Chapter 13 Krishna and His Gita - Page 371

358 DR. BABASAHEB AMBEDKAR : WRITINGS AND SPEECHES

“Despite its occasional power and music exaltation, the Divine song in its present state as a poetical production is unsatisfactory. The same thing is said over again, and the contradictions in phraseology and in meaning are as numerous as the repetitions, so that one is not surprised to find it described as “the wonderful song, which causes the hair to stand on end.”

Holtzman [1] says:

“We have before us (in the Bhagvat Gita) a Vishnuite revision of a pantheistic poem.”

Garbe [2] observes:

“The whole character of the poem in its design and execution is preponderatingly theistic.

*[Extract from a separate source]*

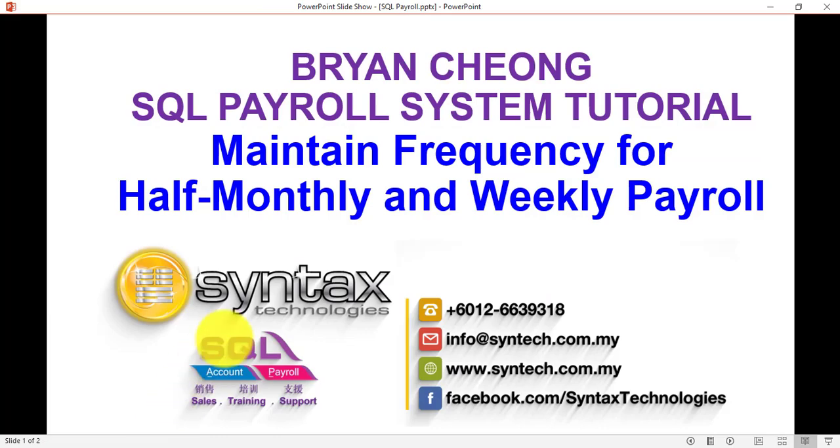So basically in SQL accounting, we are able to do monthly, half-monthly, weekly, or even daily wages or hourly wages. So this is how you should do. And once again, thank you for watching. I'm Brian from Syntex Technologies. Thank you.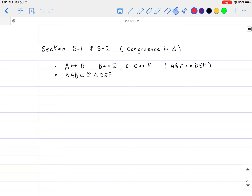Hello and welcome everybody. Today we will be talking about the introduction to congruence in triangles for our geometry class. This is the beginning of chapter 5, basically an introduction of what it means to have congruence in a triangle.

A personal God Krishna stands forth in the form of a human hero, expounds his doctrine, enjoins, above all things, on his listener, along with the performance of his duties, loving faith in Him and self-surrender:…… And by the side of this God—(who is) delineated as personally as possible, and who dominates the whole poem—stands out frequently the impersonal neutral Brahman, the Absolute, as the highest principle. At one time Krishna says that He is the sole Highest God who has created the world and all beings and rules over it all; at another time, he expounds the Vedantic doctrine of Brahman and maya— the Cosmic Illusion, and expounds as the highest goal of human being that he be freed from the World-Illusion and become Brahman. These two doctrines—the theistic and the pantheistic—are mixed up with each other, and follow each other, sometimes quite unconnected and sometimes loosely connected. And it is not the case that the one is represented as a lower, exoteric, (Text p. 9) and, (p. ) as the higher esoteric doctrine. It is nowhere taught that the Theism is a preliminary step to the knowledge of the reality or that it is its symbol, and that the pantheism of the Vedanta is the (ultimate) reality itself; but the two beliefs are treated of almost throughout as though there was indeed no difference between them, either verbal or real.”

Mr. Telang says: [3]

“There are several passages in the Gita which it is not very easy to reconcile with one another; and no attempt is made to harmonise them. Thus, for example, in stanza 16 of Chapter VII, Krishna divides his devotees into four classes, one of which consists of ‘men of knowledge’, whom, Krishna says, he considers ‘as his own self. It would probably be difficult to imagine any expression which

1 Quoted by Garbe.

2 Introduction to Bhagvat Gita.

3 Bhagvat Gita (S.E.B.) Introduction p. II.